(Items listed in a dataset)

───

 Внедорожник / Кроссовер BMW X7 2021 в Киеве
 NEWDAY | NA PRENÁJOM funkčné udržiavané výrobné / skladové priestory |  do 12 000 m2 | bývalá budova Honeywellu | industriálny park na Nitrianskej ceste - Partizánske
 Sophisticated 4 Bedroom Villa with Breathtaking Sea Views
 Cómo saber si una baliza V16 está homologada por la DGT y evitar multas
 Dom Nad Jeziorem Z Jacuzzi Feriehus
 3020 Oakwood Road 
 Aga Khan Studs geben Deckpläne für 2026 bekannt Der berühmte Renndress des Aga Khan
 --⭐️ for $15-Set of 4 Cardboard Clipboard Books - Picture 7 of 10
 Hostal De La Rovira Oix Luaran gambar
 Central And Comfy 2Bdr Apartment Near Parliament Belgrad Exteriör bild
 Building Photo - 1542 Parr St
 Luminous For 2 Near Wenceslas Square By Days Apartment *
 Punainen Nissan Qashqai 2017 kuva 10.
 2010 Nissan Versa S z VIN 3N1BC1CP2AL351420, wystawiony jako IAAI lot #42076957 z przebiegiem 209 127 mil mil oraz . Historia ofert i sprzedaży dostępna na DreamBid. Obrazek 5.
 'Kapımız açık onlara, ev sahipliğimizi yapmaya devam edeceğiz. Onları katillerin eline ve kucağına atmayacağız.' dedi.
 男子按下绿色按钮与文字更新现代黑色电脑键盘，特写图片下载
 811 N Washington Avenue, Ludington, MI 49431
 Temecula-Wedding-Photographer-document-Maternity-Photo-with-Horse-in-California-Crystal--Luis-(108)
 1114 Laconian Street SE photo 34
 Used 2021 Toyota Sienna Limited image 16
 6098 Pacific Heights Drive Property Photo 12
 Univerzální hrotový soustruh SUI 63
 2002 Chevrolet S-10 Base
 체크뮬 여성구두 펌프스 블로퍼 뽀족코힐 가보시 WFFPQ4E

───

* WORK TO COMPLETE
Each and every record above needs writing out exactly.

* COMPLETED EXERCISE
 Внедорожник / Кроссовер BMW X7 2021 в Киеве
 NEWDAY | NA PRENÁJOM funkčné udržiavané výrobné / skladové priestory |  do 12 000 m2 | bývalá budova Honeywellu | industriálny park na Nitrianskej ceste - Partizánske
 Sophisticated 4 Bedroom Villa with Breathtaking Sea Views
 Cómo saber si una baliza V16 está homologada por la DGT y evitar multas
 Dom Nad Jeziorem Z Jacuzzi Feriehus
 3020 Oakwood Road 
 Aga Khan Studs geben Deckpläne für 2026 bekannt Der berühmte Renndress des Aga Khan
 --⭐️ for $15-Set of 4 Cardboard Clipboard Books - Picture 7 of 10
 Hostal De La Rovira Oix Luaran gambar
 Central And Comfy 2Bdr Apartment Near Parliament Belgrad Exteriör bild
 Building Photo - 1542 Parr St
 Luminous For 2 Near Wenceslas Square By Days Apartment *
 Punainen Nissan Qashqai 2017 kuva 10.
 2010 Nissan Versa S z VIN 3N1BC1CP2AL351420, wystawiony jako IAAI lot #42076957 z przebiegiem 209 127 mil mil oraz . Historia ofert i sprzedaży dostępna na DreamBid. Obrazek 5.
 'Kapımız açık onlara, ev sahipliğimizi yapmaya devam edeceğiz. Onları katillerin eline ve kucağına atmayacağız.' dedi.
 男子按下绿色按钮与文字更新现代黑色电脑键盘，特写图片下载
 811 N Washington Avenue, Ludington, MI 49431
 Temecula-Wedding-Photographer-document-Maternity-Photo-with-Horse-in-California-Crystal--Luis-(108)
 1114 Laconian Street SE photo 34
 Used 2021 Toyota Sienna Limited image 16
 6098 Pacific Heights Drive Property Photo 12
 Univerzální hrotový soustruh SUI 63
 2002 Chevrolet S-10 Base
 체크뮬 여성구두 펌프스 블로퍼 뽀족코힐 가보시 WFFPQ4E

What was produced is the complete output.